Quick answer
A comprehensive PPP model where the private party takes responsibility for all five stages: designing, building, financing, operating, and ultimately transferring an infrastructure asset.
DBFOT, standing for Design Build Finance Operate Transfer, is the most comprehensive form of public-private partnership used in India. It assigns all five responsibilities to the private concessionaire: designing the facility, constructing it, arranging the financing, operating it through the concession period, and transferring it to the government at the end. DBFOT is used for large, complex infrastructure assets where the government wants to shift the full burden of delivery, financing, and performance to the private sector.
What is DBFOT in government procurement?
DBFOT combines the engineering autonomy of EPC with the long-term operational and financial responsibility of BOT. The private party is responsible not just for construction but for raising equity and debt financing to fund the project, for designing it to serve the intended purpose, for operating it efficiently during the concession period, and for returning it in agreed condition at the end.
In India, DBFOT has been used for airports under the Airport Authority of India's privatisation programme, where private operators have designed, financed, built, and are now operating major airports. Ports have used similar structures under the Major Port Authorities Act. Some urban infrastructure projects, toll highways under NHAI's older programme, and waste-to-energy plants have also been structured as DBFOT.
The government's role under DBFOT is to provide the enabling environment: land acquisition, utility shifting, regulatory clearances, and sometimes a viability gap funding (VGF) payment where the project cannot attract private financing on its own commercial merits. Day-to-day operations, capital investment decisions, and service quality during the concession period are entirely the concessionaire's responsibility.
Bid evaluation for DBFOT projects typically revolves around the concession fee structure: the amount the private party offers to pay the government for the rights, or the minimum guaranteed revenue share, or the VGF requirement. For a BOT-Toll highway, the bidder quoting the longest premium period (the period after debt repayment during which toll revenues go to the government) or the lowest VGF requirement may win.
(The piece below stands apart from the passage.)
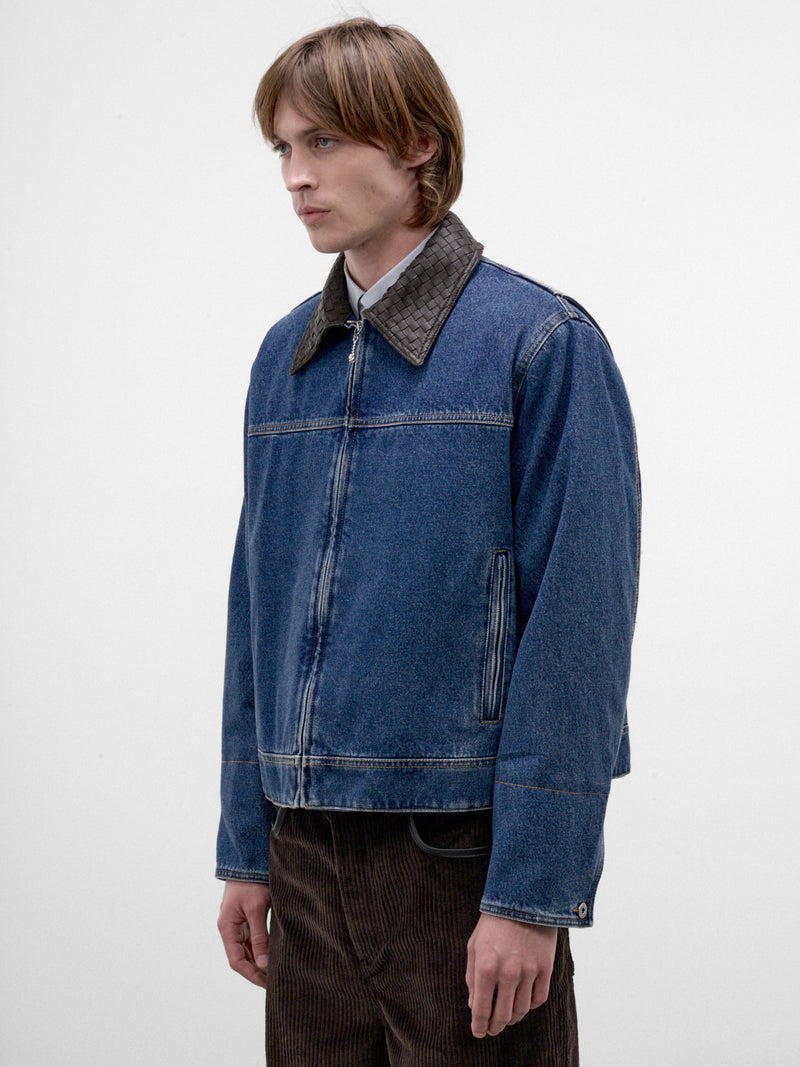 Blue Cotton Denim Work Jacket (873081V69P0-4300-MID-BLUE)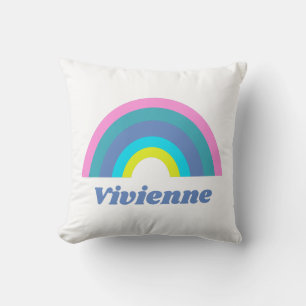 Cute and Colorful Geometric Rainbow Personalized Throw Pillow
Why it matters for bidders
DBFOT is the domain of large infrastructure conglomerates, PE-backed infrastructure platforms, and international concessionaires with strong financing access. The capital requirements are substantial: a 400 km DBFOT highway requires Rs 3,000 to Rs 6,000 crore in equity and debt. Single mid-sized contractors cannot access this. Consortia and SPV structures are standard.
For firms that can participate, DBFOT projects offer the longest-duration revenue streams in government procurement: concessions of 20 to 35 years provide very long-term cash flow visibility. The financial complexity also creates barriers to entry that reduce competition compared to standard EPC or item-rate tenders.
The critical risks are traffic/revenue projections for toll-funded projects, construction cost overruns that the concessionaire must absorb without recourse, regulatory changes that affect tolling rights, and refinancing risk if market conditions change during the project life.
Example
The Airport Authority of India invites bids for a DBFOT concession on a regional airport. The selected concessionaire designs and builds a new terminal, finances the Rs 1,200 crore project through 25% equity and 75% project finance debt, operates the airport for 40 years under a concession agreement that specifies minimum service standards, and pays AAI an annual concession fee as a percentage of aeronautical revenue. At the end of 40 years, the fully operational airport is transferred to AAI.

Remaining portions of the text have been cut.